Missing Link

Hugh Jackman provides the voice for the furry gentle giant, Mr. Link

Missing Link

At Cinemark


Grade: B-

During Pixar’s ascent, the upstart animation company first passed Disney and then kept climbing, turning out brilliant film after brilliant film, which put art before box office – but still managed to earn bucketsful of doubloons.

Then, somewhere along that joyous ride, Pixar finally began to make choices – aka “Cars 3” -- that were a dictated a little more by profit and a little less by creative inspiration. That mirrored the rise of Disney studios itself, which started out as Walt’s subversive genius force, and then evolved into a capitalistic empire where the brilliant animators lost control of the company’s compass. Voila: Splash Mountain!

I watched in amazement as Laika studios from Portland, Oregon, started its own ascent. Variety described the early vision of Laika films – “Coraline” and “Kubo and the Two Strings” -- as “dark, relatively intense cartoons liable to give young children nightmares.”

“ParaNorman” was another Laika triumph, a zombie-inspired story about the purity and power of kids.

Laika’s stop-motion technology took animation somewhere it had never been before. The animators’ labors are an act of love, with a single minute of film sometimes taking a short eternity to perfect.

“It took all 18 months of the animation schedule to produce a little less than two minutes of footage for the dance sequence in ‘Boxtrolls,’” said Anthsony Stacchi, who directed that Laika film.

The result of this intense commitment was that Laika passed Disney and pulled even with Pixar as the studio where artists controlled the choices, holding the marketing department at bay.
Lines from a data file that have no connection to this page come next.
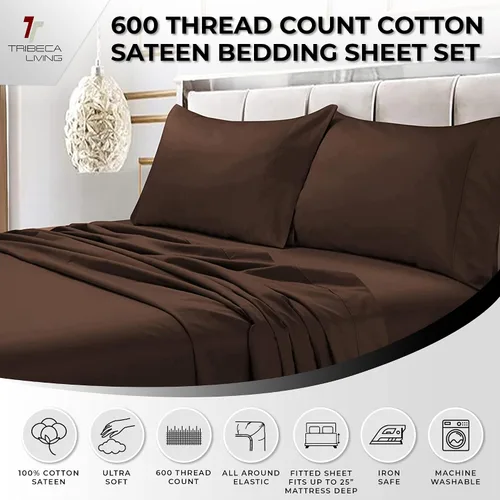 Vista 3 de Tribeca Living Juego de funda de almohada de satén de algodón egipcio suave, bolsillo extra profundo, 600 hilos, sábana de cama, Queen, chocolate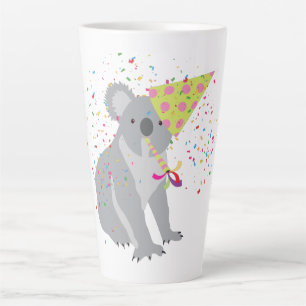 Koala Partying – 動物とパーティー カフェラテマグ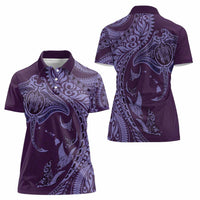 Hawaiian Manta Ray and Polynesian Tribal Tattoo Women Polo Shirt Purple Color LT03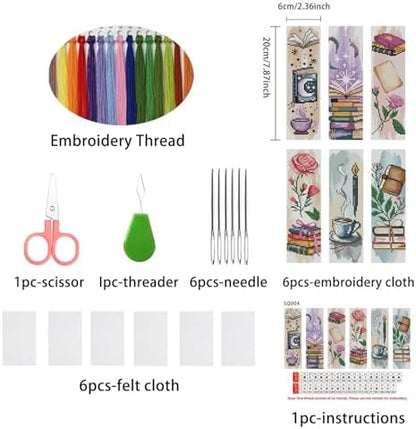 6PCS Cross Stitch Bookmark Kit for Adult Beginners flowers Cross Stitch Kits with Backing Felt Floss Instruction DIY Stamped Embroidery Bookmark Kit for Starter Adults Book Lovers (2.3x7.8 inch) - Image 2
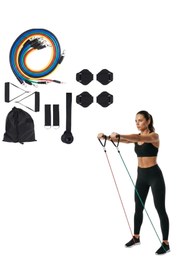 Resim Epilons 11 Parça Çok Fonksiyonlu Kapı Arkası Egzersiz Bandı Ev Tipi Spor Seti 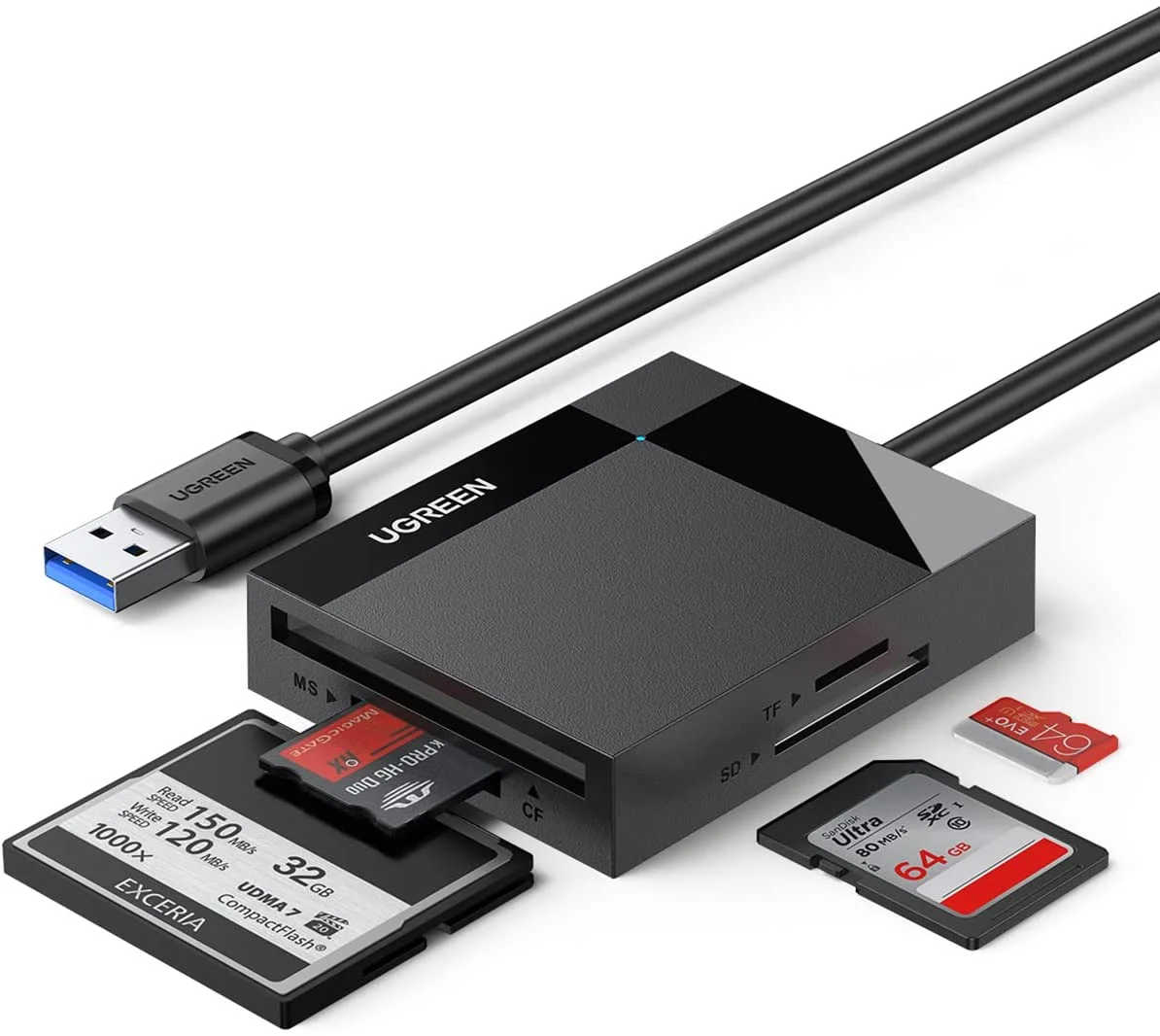 Lecteur de carte SD 4 en 1 Usb 3.0 SD TF CF MS – Ugreen - Organisation de la maison avec des solutions de rangement UGREEN Lecteur de Carte SD USB C et USB 3.0 2 en 1 Card Reader (SD 3.0) |  170MB/s Aluminium Adaptateur Carte SD Compatible avec MacBook iPad Pro Air  iPhone 18 Pro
But as I watched Laika head up the rollercoaster of animation, I wondered if the studio, like its predecessors, would reach the top, crest and then head down the other side, waving its hands in the air as it descended out of the rarefied air of great art and into the humidity of compromised commercial choices.

“Missing Link,” Laika’s latest, is a brilliantly animated film that lacks a driving philosophical or moral concept at its core, settling for a light-hearted romp that’s more like mainstream Disney.

To use a political metaphor, Laika has decided to appeal to the moderates, rather than living on the edge and pushing the envelope. As one film site puts it, Laika is hoping that “audiences -- the ones that helped turn ‘Despicable Me 3’ and ‘Ice Age 5’ into hits -- will take notice.”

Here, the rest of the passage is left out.